Марксистская теория и марксистская идеология были, по-видимому, довольно
искусными построениями, но они противоречили фактам истории и
общественной жизни, ибо марксизм — это совершенно ложная и весьма
претенциозная теория. Для того, чтобы скрыть ложность и теоретическую
несостоятельность марксизма, марксисты часто применяли обман — и
крупный, и мелкий. Обман, опиравшийся на жесткую власть и насилие,
вскоре превратился в привычное интеллектуальное средство в руках тех,
кто в России принадлежал к диктаторскому коммунистическому классу, и
тех, кто вне России страстно желал стать диктаторами. Созданная ими
вселенная лжи сжалась в интеллектуальную черную дыру. Как вам должно
быть известно, черная дыра обладает неограниченной способностью все в
себя втягивать и превращать в ничто. Исчезло различие между ложью и
истиной. В конце концов интеллектуальная пустота поглотила саму себя:
так марксизм погиб от марксизма. На самом деле это случилось уже давно,
однако я боюсь, что миллионы марксистов на Востоке и Западе будут и
дальше возиться с ним, как делали это прежде, независимо от того, что
происходит в действительности: ведь факты можно игнорировать или
подгонять под любую схему.
На этом я хотел бы закончить мой краткий и очень общий исторический
обзор и остановиться на двух моментах. Сначала я обрисую основные черты
марксизма и дам его краткую критику, а затем попытаюсь показать, как
можно использовать сложившуюся сегодня ситуацию для улучшения нашей
жизни путем политического реформирования — реформирования нашей
демократии. Я имею в виду главным образом не смену имеющихся у нас
институтов, а изменение нашего мировоззрения.

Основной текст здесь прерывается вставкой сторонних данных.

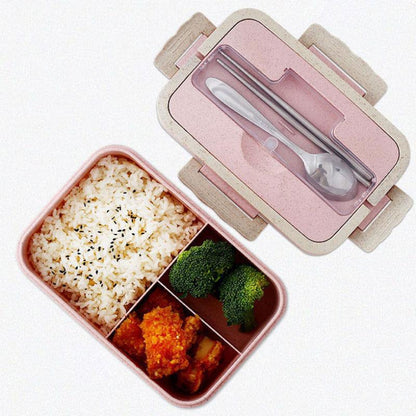 Plastic Mini Lunch Box With Handle – MEAL PREP TUBS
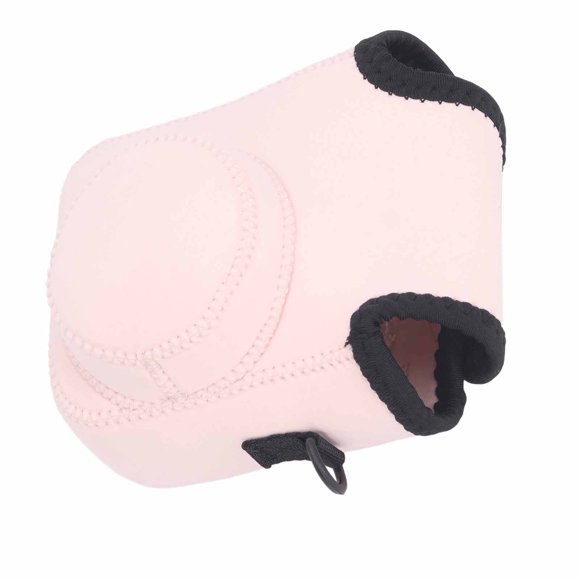 Adjustable Shoulder StrapCamera Case With And Scratch Fabric, Suitable ForMini 12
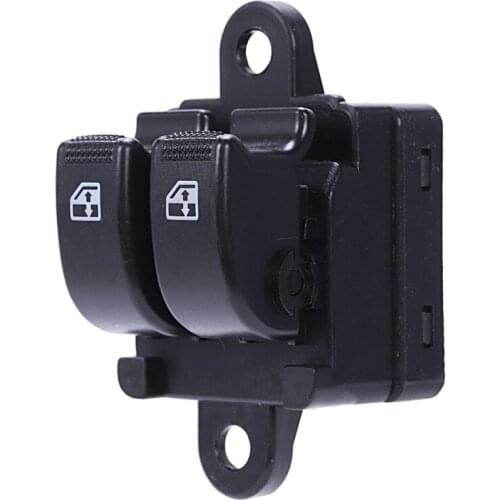 New Electric Window Control Switch For Hyundai Amica Mix Hatchback Atos 93570-05050 9357005050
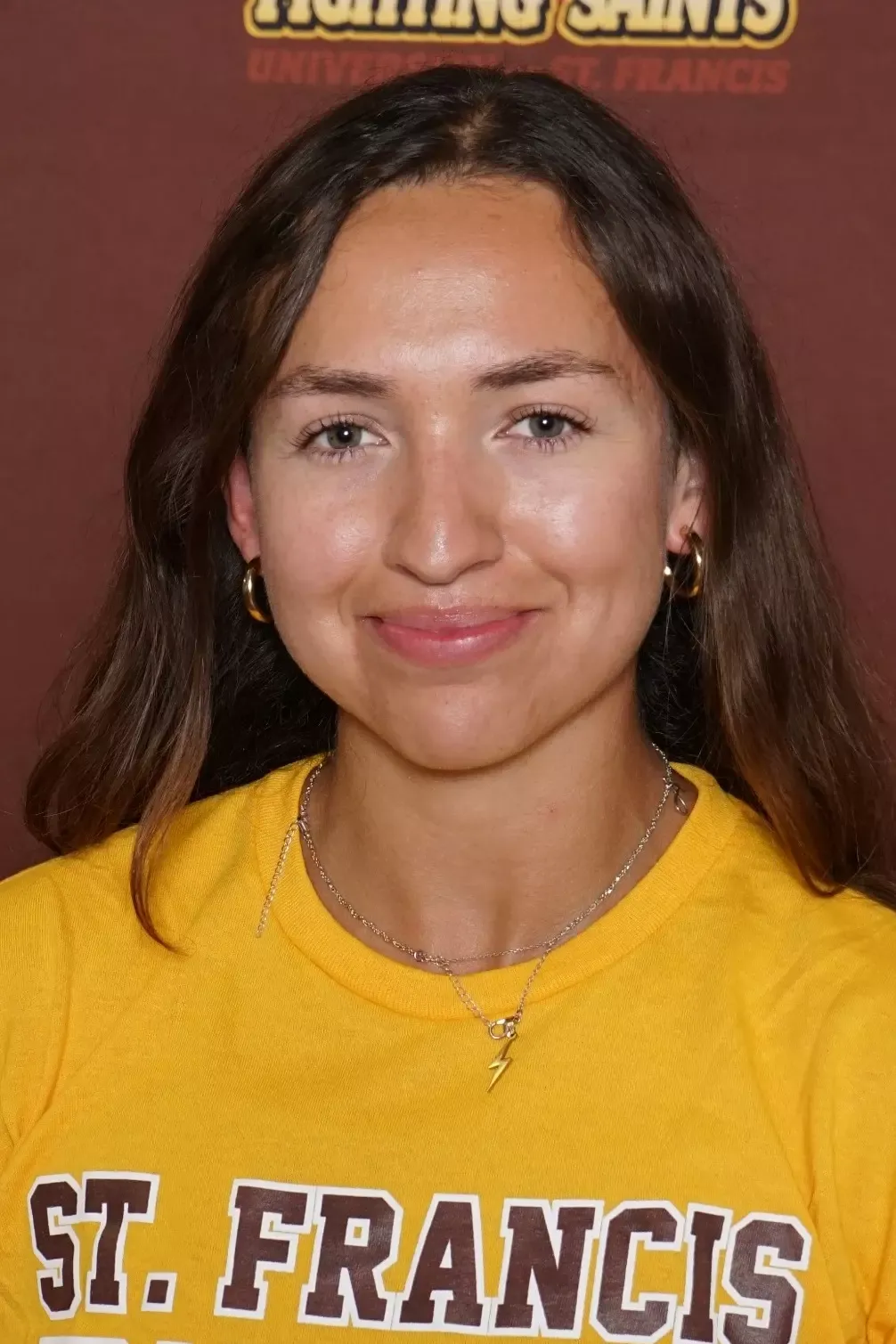 Ana Pineda WCC WTRK 2024-25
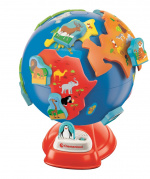 Clementoni Mijn eerste wereldbol (SE-FI)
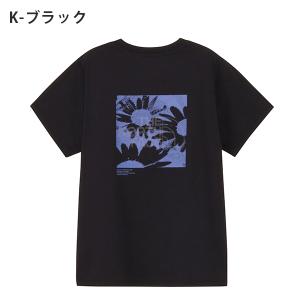 ネコポス発送! 2026春夏新作 ノースフェイ...の詳細画像1
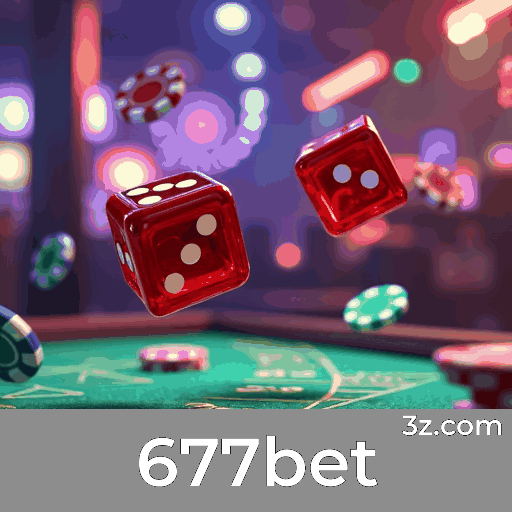 Mergulhe no Ambiente Envolvente do Cassino 677bet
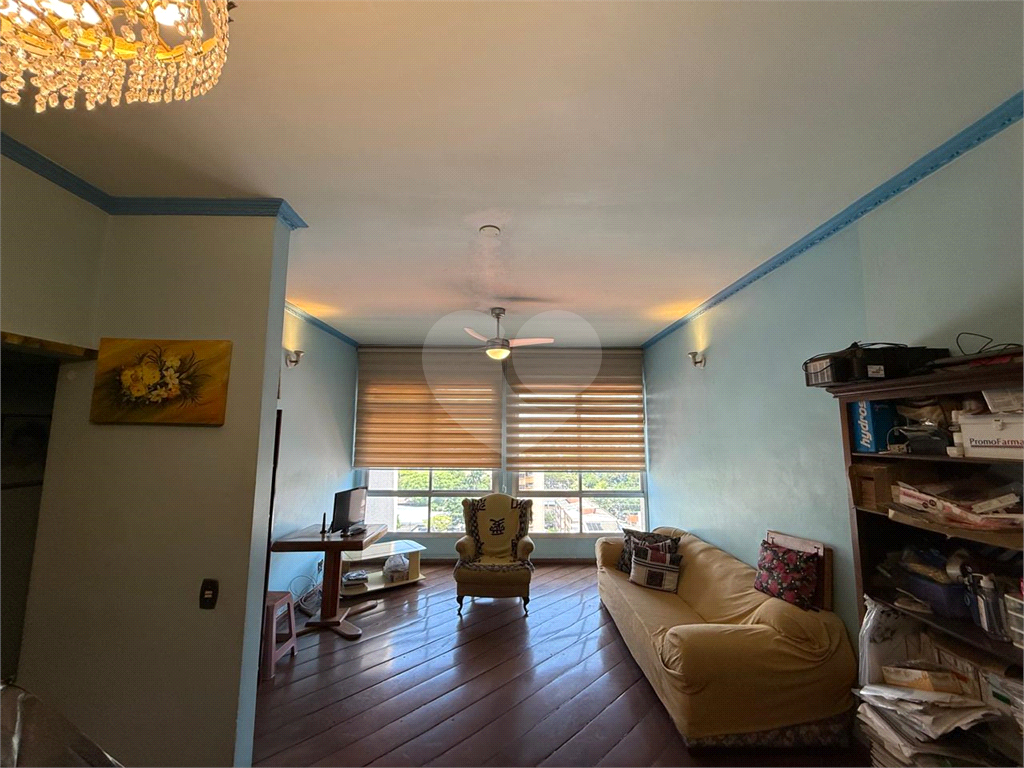 Apartamento 2 dormitórios a venda próximo ao metro Santana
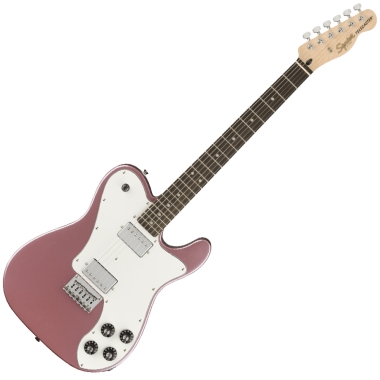 Fender Squier Affinity Tele...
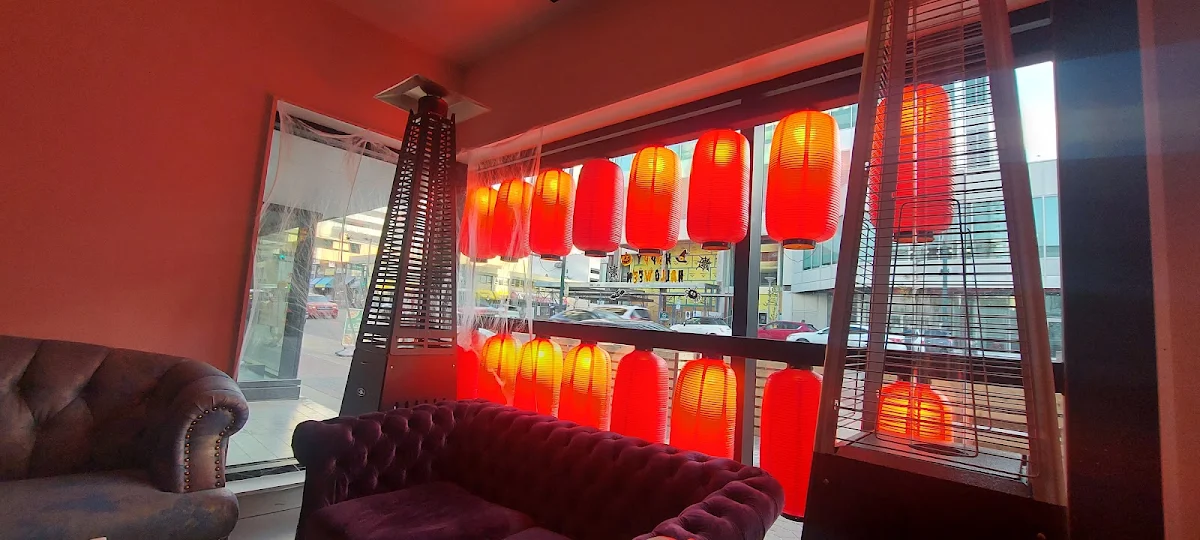 Vibe, Dorinku Osaka
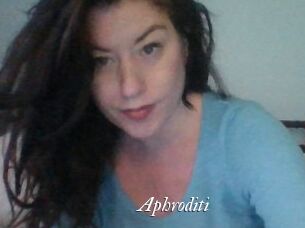Aphroditi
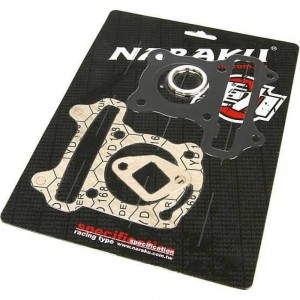 Cilindra blīv. kompl. 139QMB/QMA 50cc Cilindra blīv. kompl. 139QMB/QMA 50cc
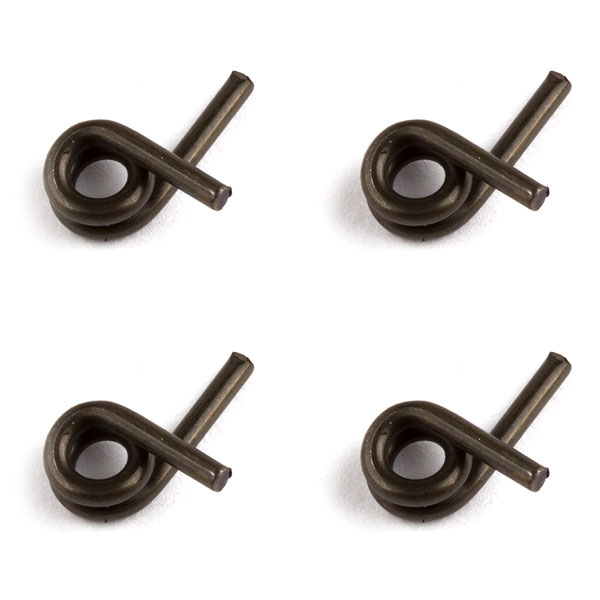 Team Associated Clutch Springs 1.10mm For 4-Shoe (RC8B3.1/RC8B3.2) (AS81369)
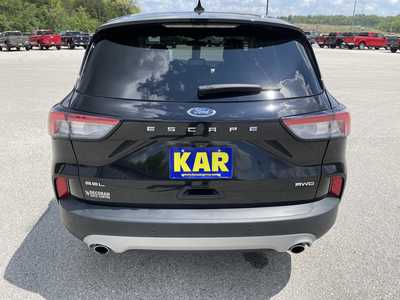 2022 Ford Escape, $24499.00. Photo 7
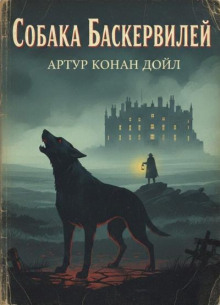 Собака Баскервилей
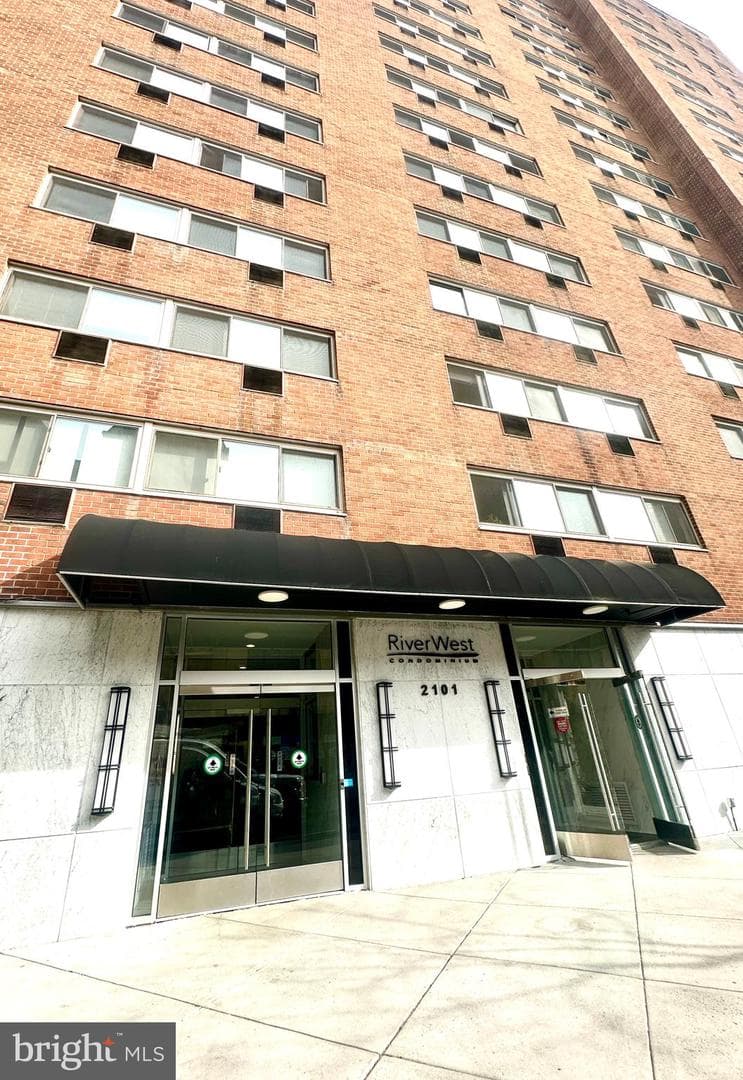 2101 Chestnut Street #317, Philadelphia
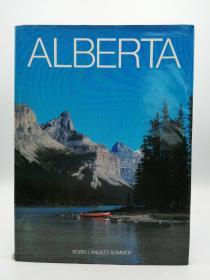 Alberta 英文原版-《艾伯塔省》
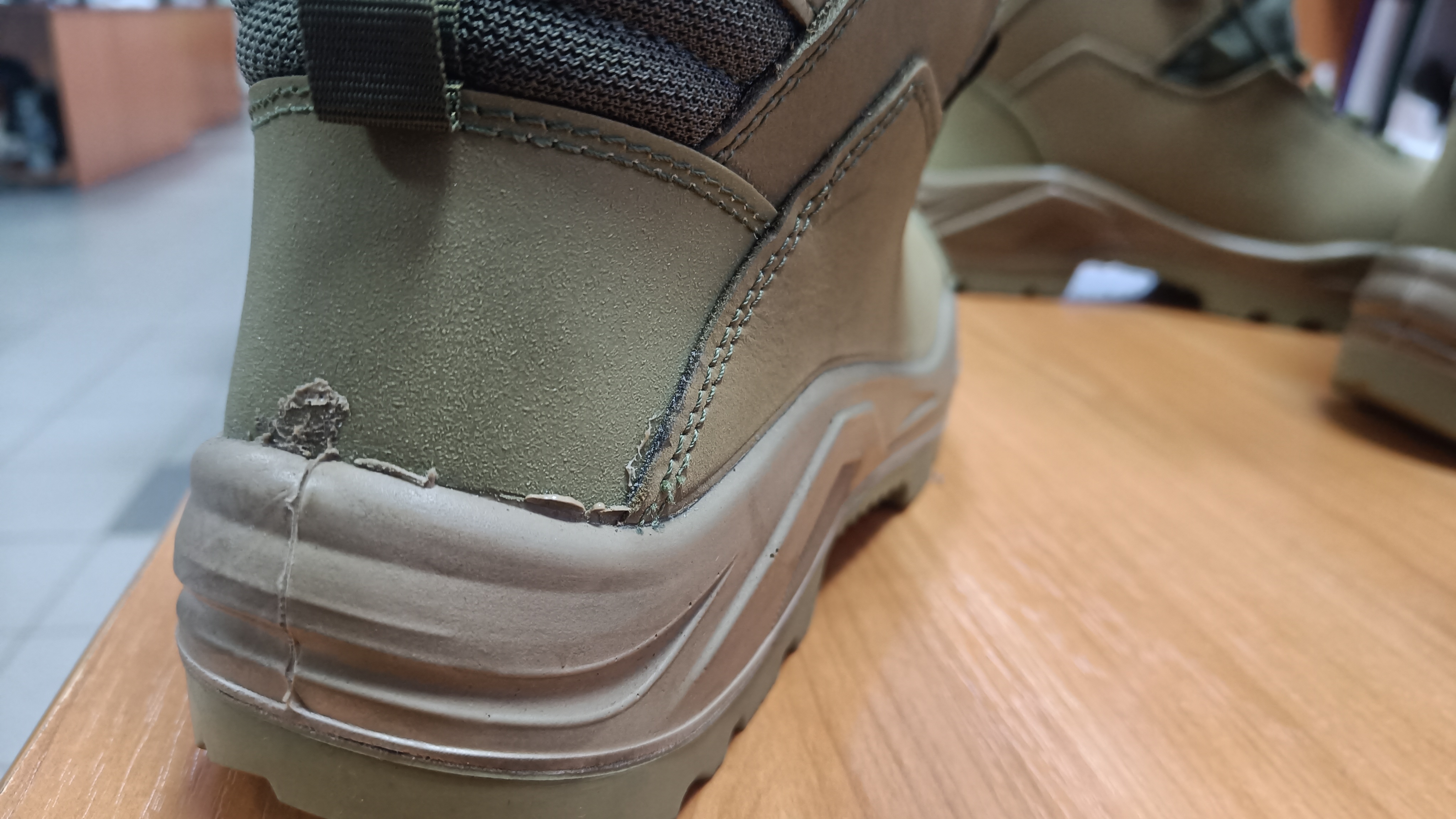 2 СОРТ Тритон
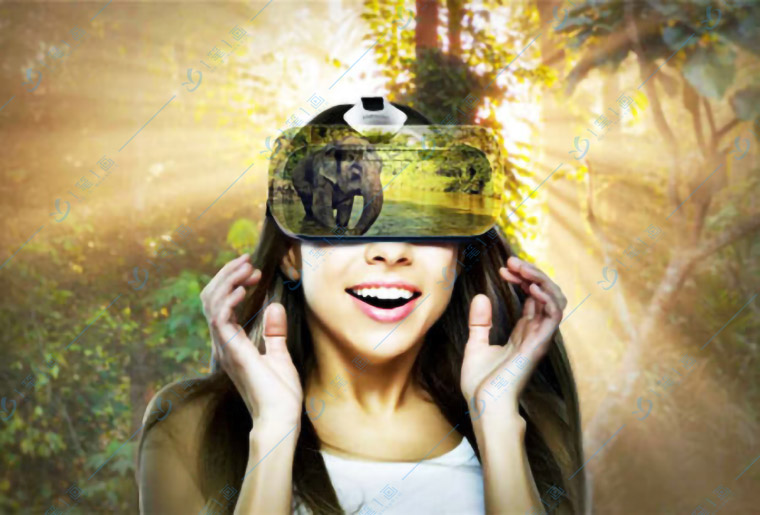 展厅多媒体互动设备VR虚拟现实在城市规划馆设计中的应用?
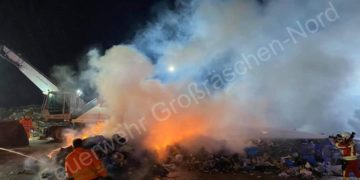FFW Großräschen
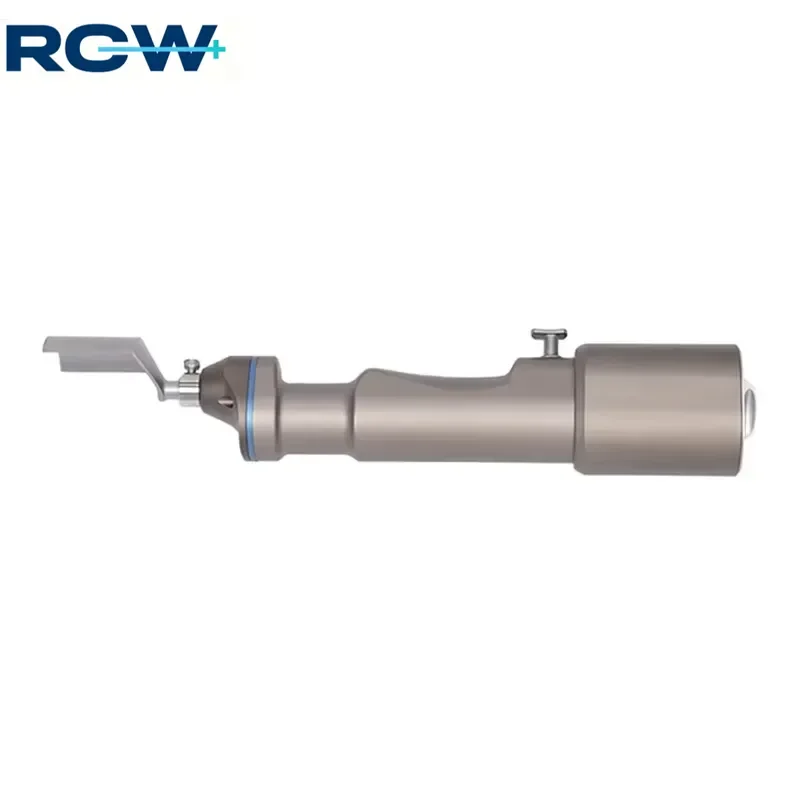 RCW CE ISO-Marked Micro TPLO Electric Drill and Saw Instruments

Вводная часть моего «Послесловия» оказалась слишком абстрактной, и
теперь я хотел бы вместо довольно утомительных умозрительных рассуждений
поделиться с вами некоторыми моими личными впечатлениями. Расскажу вам о
том, как сам я в молодости обратился — или почти обратился — в
марксистскую веру и как случилось, что 28 июля 1919 года, накануне моего
семнадцатилетия, я стал противником марксизма и с тех пор не менял своих
убеждений.
Мои родители были твердыми пацифистами и оставались ими даже в
преддверии Первой мировой войны, а мой отец, весьма образованный юрист,
был, кроме того, либералом и поклонником Иммануила Канта, Вильгельма фон
Гумбольдта и Джона Стюарта Милля. Мне было 14 или 15 лет, когда во время
войны мне пришла интересная мысль о трудностях, связанных с политической
свободой. Прогуливаясь по Вене возле памятника И. Гутенбергу и с
надеждой размышляя о мире и демократии, я неожиданно подумал, что
демократию невозможно сделать стабильной. Ведь как только свобода
становится стабильной, люди начинают воспринимать ее как нечто само
собой разумеющееся и тем самым подвергают свободу опасности. Люди
перестают относиться к свободе с благоговением, когда забывают, что ее
потеря может привести к террору и войне.